With the arrival of digital videos, access control evolved into digital CAS in 1990s, which allowed even more finegrained control over content access and security to distributors. Digital video broadcasts (DVB) standards were codified into Common Scrambling Algorithm (CSA). The encryptions contained in the DVB standards could be called precursor to DRM protected content that has become the norm in the age of OTT content.

Despite the immense popularity of OTT platforms, pay TV continues to be popular in most markets. The OTT only households are still low in number. Therefore, distributors also depend on CAS and multi-DRM approaches to complement different arms of their business.

The character of STBs, which are used in CAS, has also undergone a change. Initially, distributors used cards to control access to video broadcasts. Howevers, as these devices evolved, system-on-a chip technology became popular that allowed decryption within the processing units of STBs.

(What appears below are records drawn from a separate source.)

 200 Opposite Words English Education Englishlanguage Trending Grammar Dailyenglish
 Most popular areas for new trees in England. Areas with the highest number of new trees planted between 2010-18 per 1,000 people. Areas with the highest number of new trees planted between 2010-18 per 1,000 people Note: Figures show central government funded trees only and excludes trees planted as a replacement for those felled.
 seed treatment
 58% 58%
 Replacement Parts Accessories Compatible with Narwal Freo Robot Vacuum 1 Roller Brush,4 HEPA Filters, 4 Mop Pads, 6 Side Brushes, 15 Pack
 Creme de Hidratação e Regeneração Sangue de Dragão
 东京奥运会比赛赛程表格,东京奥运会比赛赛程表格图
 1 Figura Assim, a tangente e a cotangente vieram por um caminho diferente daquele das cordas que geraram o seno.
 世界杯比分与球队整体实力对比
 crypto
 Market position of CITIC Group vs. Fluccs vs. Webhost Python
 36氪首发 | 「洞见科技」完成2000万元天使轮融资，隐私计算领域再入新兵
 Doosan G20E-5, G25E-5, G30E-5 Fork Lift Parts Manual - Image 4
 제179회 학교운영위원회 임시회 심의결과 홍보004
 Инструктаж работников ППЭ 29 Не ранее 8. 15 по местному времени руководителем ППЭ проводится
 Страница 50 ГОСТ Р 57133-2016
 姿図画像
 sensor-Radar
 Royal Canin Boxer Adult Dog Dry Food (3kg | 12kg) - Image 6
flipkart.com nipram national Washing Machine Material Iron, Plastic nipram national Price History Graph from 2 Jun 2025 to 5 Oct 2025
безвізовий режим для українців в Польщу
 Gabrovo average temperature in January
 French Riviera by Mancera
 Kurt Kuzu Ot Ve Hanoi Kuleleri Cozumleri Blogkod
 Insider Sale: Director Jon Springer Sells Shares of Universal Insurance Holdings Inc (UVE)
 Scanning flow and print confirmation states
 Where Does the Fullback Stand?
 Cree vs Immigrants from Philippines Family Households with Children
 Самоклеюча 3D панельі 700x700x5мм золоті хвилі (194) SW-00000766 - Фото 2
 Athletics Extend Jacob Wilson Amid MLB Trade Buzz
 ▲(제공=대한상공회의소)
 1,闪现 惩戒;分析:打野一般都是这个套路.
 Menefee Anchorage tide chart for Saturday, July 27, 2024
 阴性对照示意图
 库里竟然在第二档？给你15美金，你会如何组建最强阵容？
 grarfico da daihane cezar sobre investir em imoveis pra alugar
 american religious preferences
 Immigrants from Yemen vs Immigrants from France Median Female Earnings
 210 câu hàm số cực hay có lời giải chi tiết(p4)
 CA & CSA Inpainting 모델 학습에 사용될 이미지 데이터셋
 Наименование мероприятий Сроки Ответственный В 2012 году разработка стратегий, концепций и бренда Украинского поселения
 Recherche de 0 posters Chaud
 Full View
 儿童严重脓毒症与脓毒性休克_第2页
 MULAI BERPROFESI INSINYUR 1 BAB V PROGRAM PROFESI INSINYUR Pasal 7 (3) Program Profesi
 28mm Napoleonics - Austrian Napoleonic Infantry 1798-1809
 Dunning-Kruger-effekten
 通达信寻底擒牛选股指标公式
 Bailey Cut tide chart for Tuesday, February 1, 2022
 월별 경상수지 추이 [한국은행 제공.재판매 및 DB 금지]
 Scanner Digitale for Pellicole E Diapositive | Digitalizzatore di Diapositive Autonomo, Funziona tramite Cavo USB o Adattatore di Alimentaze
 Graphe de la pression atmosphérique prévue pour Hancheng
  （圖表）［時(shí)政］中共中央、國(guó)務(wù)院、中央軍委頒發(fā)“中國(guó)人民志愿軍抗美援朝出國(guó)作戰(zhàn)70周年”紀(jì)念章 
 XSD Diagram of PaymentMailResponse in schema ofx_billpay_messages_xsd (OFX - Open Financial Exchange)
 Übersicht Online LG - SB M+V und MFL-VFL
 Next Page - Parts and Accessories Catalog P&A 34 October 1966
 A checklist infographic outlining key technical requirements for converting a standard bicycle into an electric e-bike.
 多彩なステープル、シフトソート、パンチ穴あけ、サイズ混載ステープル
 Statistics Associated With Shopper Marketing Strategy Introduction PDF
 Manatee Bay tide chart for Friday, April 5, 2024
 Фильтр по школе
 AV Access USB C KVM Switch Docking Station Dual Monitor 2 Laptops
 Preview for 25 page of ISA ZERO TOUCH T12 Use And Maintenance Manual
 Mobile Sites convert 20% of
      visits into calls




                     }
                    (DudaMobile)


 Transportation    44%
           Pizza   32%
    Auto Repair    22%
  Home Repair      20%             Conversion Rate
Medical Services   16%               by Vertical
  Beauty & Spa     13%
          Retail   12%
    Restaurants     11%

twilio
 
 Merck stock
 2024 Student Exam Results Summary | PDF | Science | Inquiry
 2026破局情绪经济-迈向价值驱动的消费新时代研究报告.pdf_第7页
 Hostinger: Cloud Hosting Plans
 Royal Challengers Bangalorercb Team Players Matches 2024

Out of all the user management systems, multi-DRM technology is considered the most advanced one, especially when it is used with video watermarking technology. Most vendors provide multi-DRM and watermarking services as a unified service to content owners. The success of multi-DRM technology rests on the security it offers as a combination of software and hardware approach and the user of two-way communication facilitated by the internet, which makes verifying the user device in a dynamic scenario possible.

Even the DRM system has evolved further to be merged with STBs, especially for smart TVs. In scenarios where users depend on broadcast signals to watch their favourite channels, this type of hybrid model can add valuable information to their TV systems, like information about shows, show schedules, etc. and even offer recording options wherever the subscription plan permits it.